八寸名古屋帯のような帯地の制限がないため、現在の名古屋帯の多くは九寸帯です。

八寸の方が簡単に仕立てられること、九寸の方が重厚な仕上がりになることから、八寸の方がカジュアルとされていますが、豪華な八寸名古屋帯も軽快な九寸名古屋帯もあるので、一概にどちらが格上とは言えません。
どちらも同じ名古屋帯として扱ってよい物です。

襲(かさね)

襲とは、重ねて着る着物のことや、着物を重ねて着ることを言いますが、襲の色の組み合わせのことも言います。
正しくは「襲の色目(かさねのいろめ)」と言い、その省略形です。
たとえば「黄柳の襲(きやなぎのかさね)」とは、表に近い方が薄い黄色、下の方が緑の組み合わせです。
必ずしも上の着物と下の着物の色を指すわけではなく、表地と裏地のこともあります。

襲の色目の概念が生まれ、色の組み合わせにそれぞれ名前が付いて定着したのは平安時代とされています。
ただし、これを総称して「襲の色目」と呼ぶようになったのはもっと最近で、江戸時代の頃ではないかと言われています。

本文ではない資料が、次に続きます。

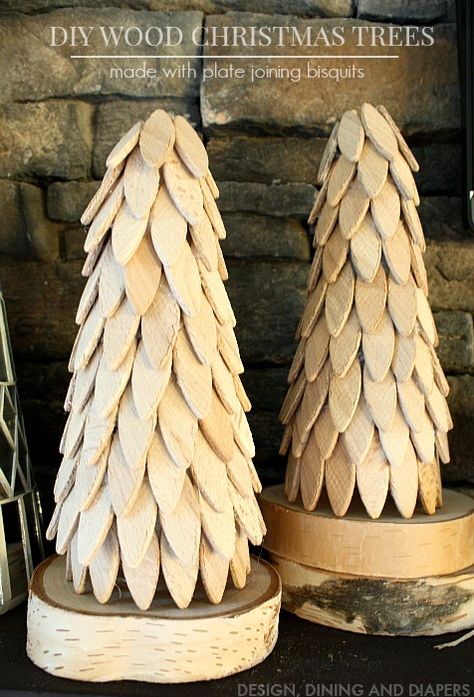 Create DIY Wood Christmas Trees using Plate Joining Biscuits! Such an innovative idea. You could leave them raw or paint them! Wood Biscuits, Pinterest Christmas Crafts, Wood Christmas Trees, Holiday Card Template, Wood Christmas Tree, Diy Holz, Christmas Wood Crafts, Wood Christmas, Holiday Crafts Christmas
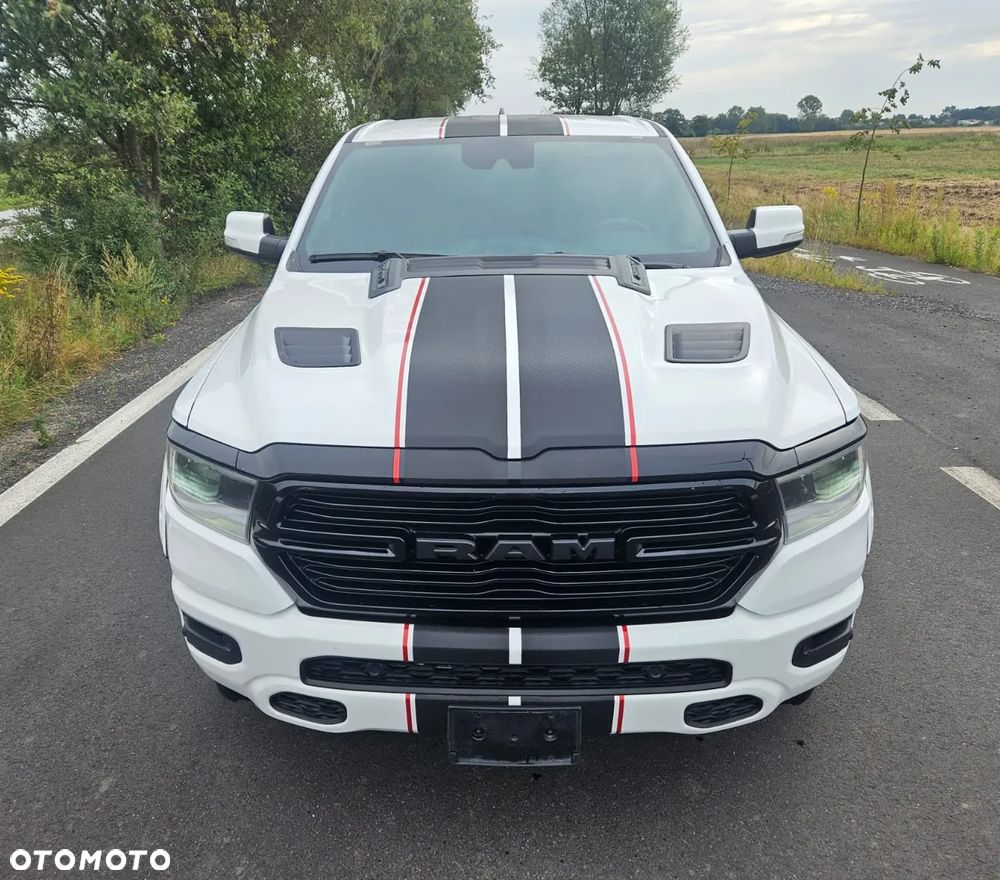 Dodge RAM - 8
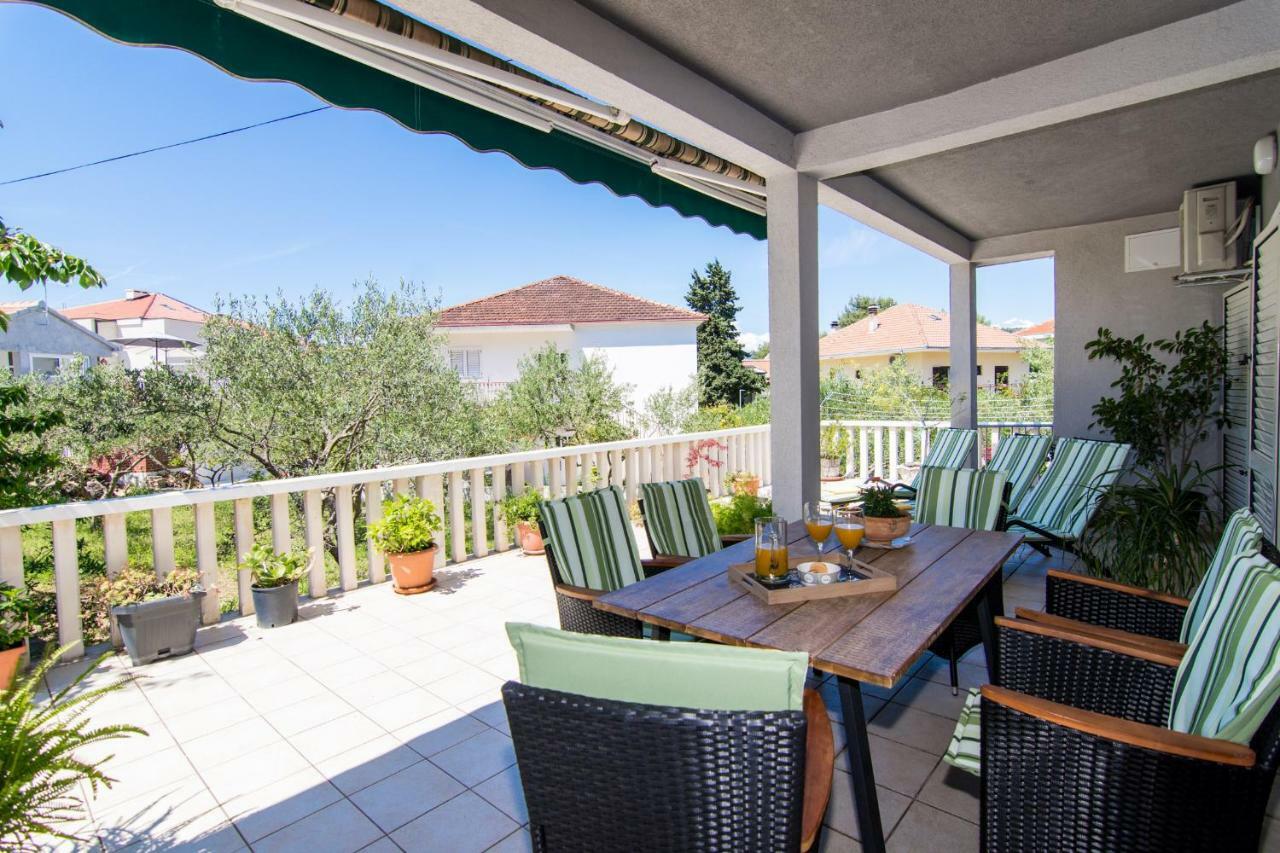 Flora Lägenhet Trogir Exteriör bild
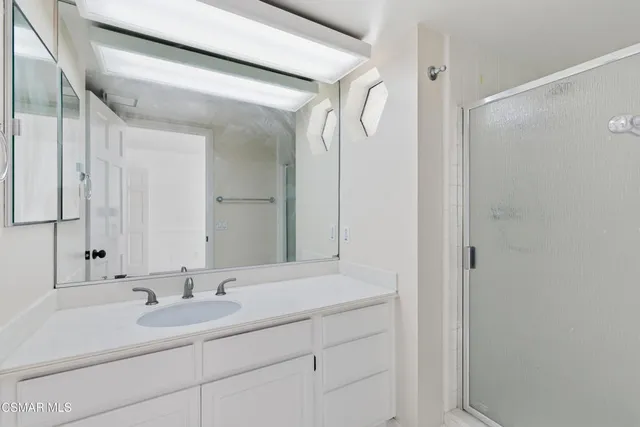 $5,900 | 6945 Via Alba, Camarillo, CA 93012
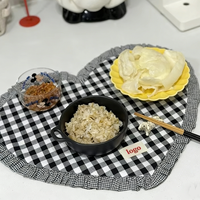 Sous-plats isolants multi-tailles personnalisables avec logo, sous-plat de table à manger en forme de cœur à carreaux, dessous de verre mignon en dentelle plissée, tapis de tasse à eau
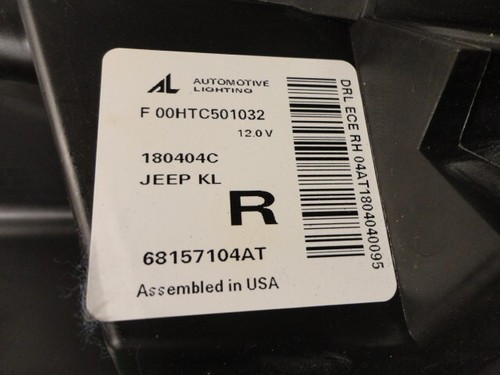 JEEP CHEROKEE PARK AND TURN SIGNAL ASSEMBLY (RH) 68157104AT - Picture 5 of 8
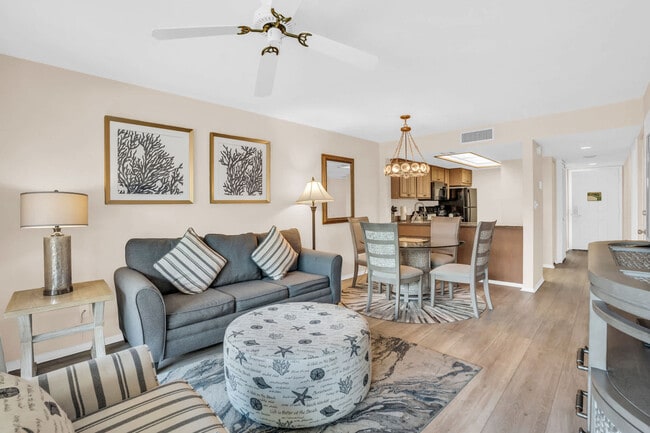 600 Neapolitan Way in Naples, FL - Building Photo - Building Photo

日常生活の中で普通に出てくる表現ではありませんが、着物と八掛などの色を組み合わせる時に襲の色目を意識する人はいます。
また、結婚式で花嫁さんが十二単を着るような時には、伝統に従った襲の色目に従うことが多いようです。

最近では、伝統的な襲の色目とは別に、きれいな配色に名前を付けて襲と呼ぶこともあります。

色の和名

日本語には色を表す言葉が多くあり、たとえば、赤色の中にも緋色、茜色、臙脂色などがあります。
このような和名で色を表現するとカッコいいという風潮もあるのですが、そのような印象の問題だけでなく、言葉では伝えにくい色をできるだけ正確に伝えるためにも役立ちます。
色見本が使われていなかった時代には着物の色を決めるのに役立っていたという説があり、現在でも、ネット通販で着物を販売しているショップでは、ディスプレイ上で色が変わってしまうことを考慮して色の和名を併記しているところが多くあります。

和名のうち一部は「慣用色名」として日本工業規格(JIS)で規定されています。
また、それとは別に、日本で色に関する様々なガイドラインを定めている日本色彩研究所という団体が伝統色という名前で選定している色もあります。

たとえば、前述の緋色はJISでは規定されていませんが、代わりに紅緋が「あざやかな黄みの赤」と規定されていて、茜色は「こい赤」、臙脂色は「強い赤」と規定されています。

伊達衿

伊達衿は重ね衿とも呼ばれ、半衿と着物の衿の間に置く飾り衿のことです。
主に礼装の時に使われますが、最近は単なる飾りとして、カジュアルな着物に合わせることもあります。

元々、格式の高い着物は何枚も重ねて着ていたのですが、それが簡略化され、あたかも重ねて着ているかのように見せるために伊達衿を使います。
色や素材に特に決まりはなく、着る人の好みで選びます。
どのくらいの幅を見せるかにも特に決まりはありませんが、1~2ミリくらいにすることが多いようです。

なお、礼装だからと言って必ずしなければいけない物ではありません。
半衿を豪華にして伊達衿はしないという人や、すっきりした着方が好きだからという理由で伊達衿をしない人も大勢います。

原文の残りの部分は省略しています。